An mmCIF dictionary is distributed with the CCP4 suite as
$CCP4/lib/data/cif_mm.dic, consisting
of version 1.0.00 of the mmCIF dictionary together with extensions
required for data harvesting. A binary symbol table
representation ($CCP4/lib/data/cif_mmdic.lib) of the dictionary
is built during compilation of the suite, and it is in fact this that is
used by the libccif library routines.
libccif: the core mmCIF library routines
Peter Keller's C language library of routines for reading and writing
mmCIF files was included in release 4.0 of the CCP4 suite. The source files
are held in $CCP4/lib/ccif, and when compiled give the separate
archive file libccif.a or the shared library libccif.so.
These routines are used by the CCP4 library routines harvlib.f
(used in data harvesting) and cciflib.f (see
below). For those wishing to use libccif to read/write
mmCIF files, there is a Fortran-callable
interface, which is described in $CCP4/doc/ccifdoc.ps.
Data Harvesting
Data Harvesting was introduced in CCP4 4.0, and the technique has been
described in
Newsletter 37. The implementation of Data Harvesting uses mmCIF files
to store information from the programs SCALA, TRUNCATE, MLPHARE, REFMAC
and RESTRAIN for future transfer to the deposition site. These files
(which should not be edited!) can be found in directory
$HARVESTHOME/DepositFiles where $HARVESTHOME
defaults to the user's home directory.
mmCIF reflection files
MTZ reflection files can be converted to mmCIF format by the CCP4
program
MTZ2VARIOUS. The output file may then be used for the deposition
of structure factors to the PDB.
Rasmol 2.7
Version 2.7 of the popular molecular viewer Rasmol, which is included
in the CCP4 distribution, will display molecules input from CIF or mmCIF
format files (other formats are also supported). Some restrictions are imposed,
for example the chain identifier (_atom_site.label_asym_id) is restricted
to one character whereas there is no such restriction in the full mmCIF format.
See the program documentation for more details.
mmCIF major mode for Emacs
The editor Emacs can be run in various so-called "major modes" which allow
one to set colour schemes, key binding, etc. appropriately for a particular
file type. The standard Emacs distribution provides major modes for HTML,
Fortran and many others. In CCP4 4.0, a file cif.el is provided which
defines a major mode for mmCIF (see the top of the file for how to load it).

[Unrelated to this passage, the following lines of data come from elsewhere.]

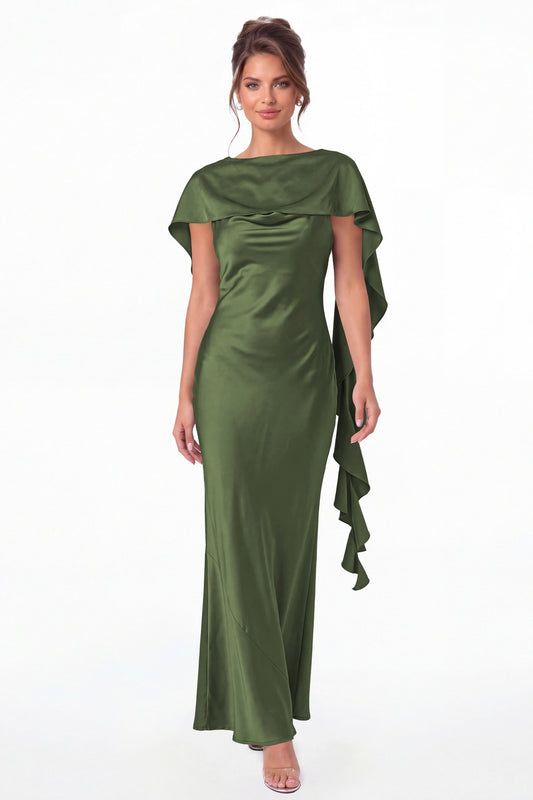 Moss Green Spaghetti Strap Cowl Neck Satin Ruffle Maxi Gown - Front View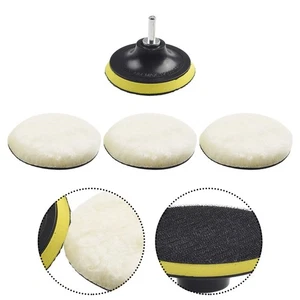 5 piezas 4 almohadillas de pulido disco de lana fregona kit para coche pulidora taladro adaptador - Imagen 1 de 12
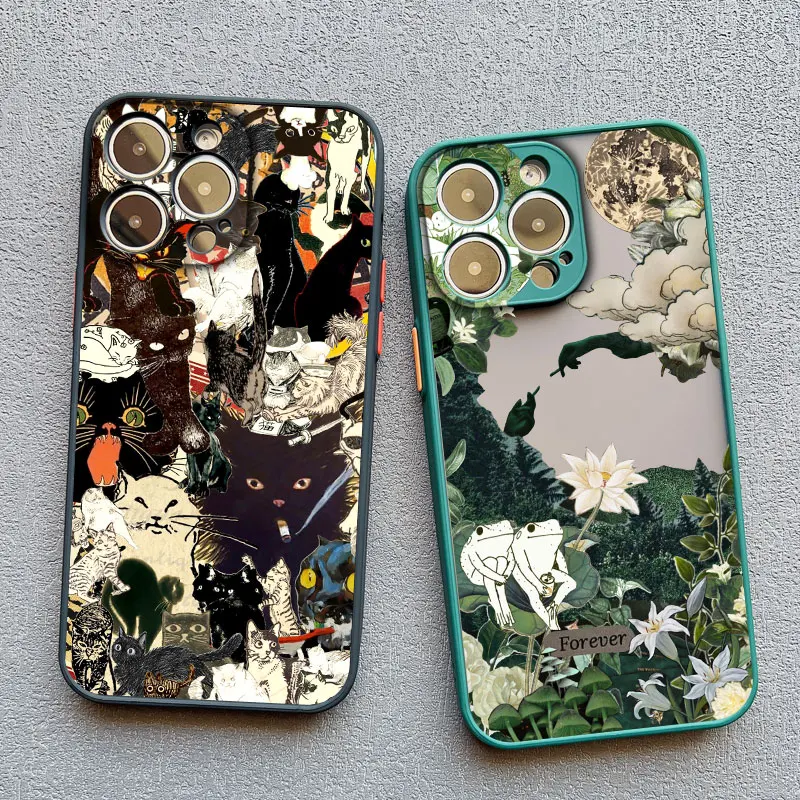 Vintage Black Cat and White Kitten Illustration Phone Case - Cute Cartoon Design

A simple colour scheme helps viewing of mmCIF
files, while a "CIF" menu provides some extra functionality, for example
finding the dictionary entry for a particular data item. I hope to extend
the functionality of cif.el in future.
cciflib.f: application interface for coordinate handling
It has been proposed that mmCIF should be used by CCP4 programs as a working
format for coordinate files, to replace the current use of PDB files. Just
as CCP4 currently only use a subset of the full PDB format, so only a subset
of the full mmCIF format would be used, nicknamed "ccif". As a step towards
this, a set of Fortran routines have been written (which in turn call
libccif routines) which provide an application interface
for CCP4 programs. This effectively replaces the rwbrook routines
currently used for PDB files.
These routines were included in CCP4 4.0, see the accompanying
documentation.
A number of CCP4 programs have been converted to use these routines, and some
additional utilities are in development. Details can be found on the
developers' web pages.
REFMAC
Version 5.0 of REFMAC (at the time of writing, not yet released) will include
several new features, one of which is a completely new mechanism for handling
geometric restraints. Restraint information for residues, cofactors, etc. is
held in dictionary files mon_lib_*.cif, which is designed to be
easily extensible to include new chemical species. REFMAC will also be able
to read coordinate files in either PDB or mmCIF format.